▸ WHAT THE TASK REQUIRES
The whole listing below needs to be duplicated exactly, pictures aside.

● ● ● ● ●

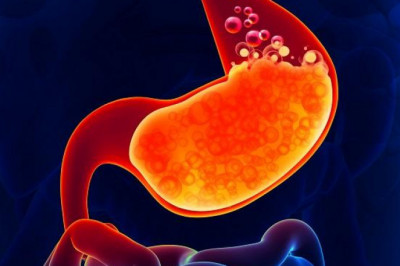 Proton Pump Inhibitors are drugs that block the production of protons in the body. Reduce Stomach Acid to Treat Stomach and Esophagus Issues
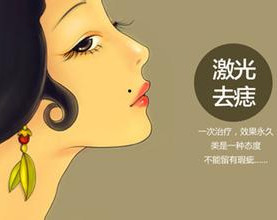 激光點痣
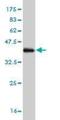 Peptidyl Arginine Deiminase 4 antibody, H00023569-M01, Novus Biologicals, Western Blot image 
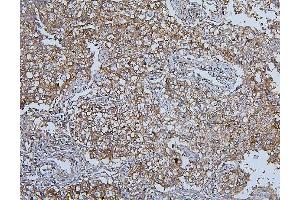 IHC analysis of HSPH1 using anti-HSPH1 antibody (ABIN7602237).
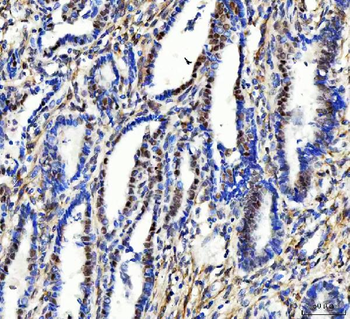 Anti-Aurora A/AURKA Antibody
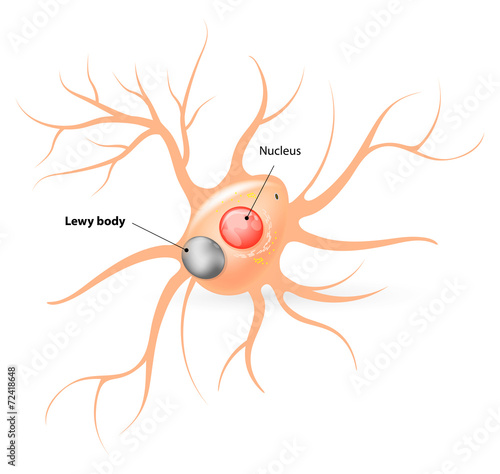 Lewy body. Parkinson's disease and Alzheimer's disease photo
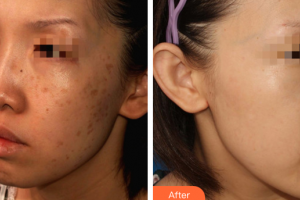 廣州美恩整形美容醫(yī)院許滿萍整形價格表附曬斑調(diào)節(jié)案例展示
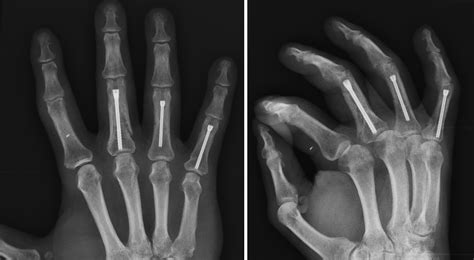 Fingers Fractures Resolution Through Cannulated Screws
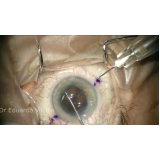 cirurgia de lente no olho para catarata agendar Itaquaquecetuba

● ● ● ● ●

▸ WRITTEN RESPONSE
 Proton Pump Inhibitors are drugs that block the production of protons in the body. Reduce Stomach Acid to Treat Stomach and Esophagus Issues
 激光點痣
 Peptidyl Arginine Deiminase 4 antibody, H00023569-M01, Novus Biologicals, Western Blot image 
 IHC analysis of HSPH1 using anti-HSPH1 antibody (ABIN7602237).
 Anti-Aurora A/AURKA Antibody
 Lewy body. Parkinson's disease and Alzheimer's disease photo
 廣州美恩整形美容醫(yī)院許滿萍整形價格表附曬斑調(diào)節(jié)案例展示
 Fingers Fractures Resolution Through Cannulated Screws
 cirurgia de lente no olho para catarata agendar Itaquaquecetuba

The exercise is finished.